We’re not there yet. Claude can write code, run experiments, and even propose research directions. But humans still choose which problems to work on, set the goals, and decide what gets deployed. The report is clear about this gap.

The concern is about the speed at which the gap is closing. Every trend line in the report is curving upward, not linear. The doubling rate itself is doubling. If you plot the data and extend the curve, the gap between “AI executes human-set goals” and “AI sets its own goals” looks like it could close within a few years, not decades.

🔍 THE BOTTOM LINE (Revisited)

This is the most data-rich warning about AI acceleration ever published by a frontier lab. Anthropic isn’t guessing — they’re showing you the inside of their own operation. The code their engineers ship is 80% AI-written. The tasks their models can complete are doubling in scope every four months. The quality gap between human and AI code is at parity and closing.

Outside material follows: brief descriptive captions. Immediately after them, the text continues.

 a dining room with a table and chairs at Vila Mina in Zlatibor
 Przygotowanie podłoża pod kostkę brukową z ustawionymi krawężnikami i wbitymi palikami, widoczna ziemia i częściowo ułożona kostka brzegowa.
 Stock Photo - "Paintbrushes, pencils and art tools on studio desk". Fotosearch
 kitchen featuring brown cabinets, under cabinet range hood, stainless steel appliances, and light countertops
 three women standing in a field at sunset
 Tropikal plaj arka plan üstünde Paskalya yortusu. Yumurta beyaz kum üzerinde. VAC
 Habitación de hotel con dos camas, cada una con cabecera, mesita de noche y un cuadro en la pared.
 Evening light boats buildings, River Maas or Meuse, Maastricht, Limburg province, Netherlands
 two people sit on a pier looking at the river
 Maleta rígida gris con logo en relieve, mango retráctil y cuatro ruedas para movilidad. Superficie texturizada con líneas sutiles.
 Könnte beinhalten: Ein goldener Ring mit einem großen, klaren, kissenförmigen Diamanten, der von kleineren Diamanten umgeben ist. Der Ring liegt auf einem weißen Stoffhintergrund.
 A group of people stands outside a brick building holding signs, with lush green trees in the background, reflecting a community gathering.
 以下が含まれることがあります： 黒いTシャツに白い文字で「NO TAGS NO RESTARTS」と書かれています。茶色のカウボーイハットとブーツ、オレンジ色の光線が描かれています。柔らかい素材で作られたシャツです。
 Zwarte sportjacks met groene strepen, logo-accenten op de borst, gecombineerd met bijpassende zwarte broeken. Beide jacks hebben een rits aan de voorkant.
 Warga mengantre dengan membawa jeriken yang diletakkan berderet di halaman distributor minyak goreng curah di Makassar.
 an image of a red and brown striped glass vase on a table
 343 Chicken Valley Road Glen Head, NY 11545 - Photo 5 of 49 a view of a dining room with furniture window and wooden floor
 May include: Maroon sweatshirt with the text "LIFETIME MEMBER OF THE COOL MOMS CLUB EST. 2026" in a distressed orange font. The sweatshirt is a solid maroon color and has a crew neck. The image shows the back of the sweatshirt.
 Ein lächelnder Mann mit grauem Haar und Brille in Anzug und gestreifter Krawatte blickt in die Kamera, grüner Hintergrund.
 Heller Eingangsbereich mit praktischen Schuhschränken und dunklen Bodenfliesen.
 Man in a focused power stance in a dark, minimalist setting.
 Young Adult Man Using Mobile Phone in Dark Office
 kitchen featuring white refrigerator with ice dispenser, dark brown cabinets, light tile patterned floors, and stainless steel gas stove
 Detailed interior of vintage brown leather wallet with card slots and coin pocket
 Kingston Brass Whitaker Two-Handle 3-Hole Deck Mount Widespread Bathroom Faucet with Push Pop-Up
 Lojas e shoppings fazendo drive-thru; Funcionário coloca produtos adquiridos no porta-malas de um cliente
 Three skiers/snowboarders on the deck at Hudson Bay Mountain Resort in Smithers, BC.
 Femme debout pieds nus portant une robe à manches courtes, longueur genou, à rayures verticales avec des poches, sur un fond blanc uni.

The loop hasn’t closed yet. But you can see it from here. And the distance between “seeing it” and “it arrives” might be shorter than anyone’s planning for.

❓ Frequently Asked Questions

Q: Does this mean AI will take over all software development? Not immediately. Claude writes 80% of Anthropic’s code, but humans still direct, review, and decide what gets built. The key gap is “choosing which problems matter” — that’s still human territory. But the data shows this gap is shrinking fast, not slowly.

Q: What does this mean for NZ? NZ’s cyber security infrastructure is already playing catch-up. The NCSC just got Mythos access through Project Glasswing, but if AI capabilities double every four months, our defensive tools and regulatory framework need to evolve at a similar pace — and currently they’re not. The risk isn’t that AI attacks NZ specifically, it’s that our institutions can’t adapt fast enough to the changing landscape.

Q: Should I be worried? “Worried” is the wrong frame. “Attentive” is better. The data is real, the trends are measurable, and Anthropic is being unusually transparent. What’s concerning is the gap between the speed of capability growth and the speed of institutional response. The report’s own warning — “could come sooner than most institutions are prepared for” — is the part worth taking seriously.

Q: Is the 8× code output number reliable? It’s real but imperfect. Lines of code measures volume, not value. Anthropic caveats it explicitly. But even if the true productivity gain is 3-4× rather than 8×, the direction and magnitude are significant. And the 80% AI-authored figure is harder to inflate — that’s a count of what actually ships.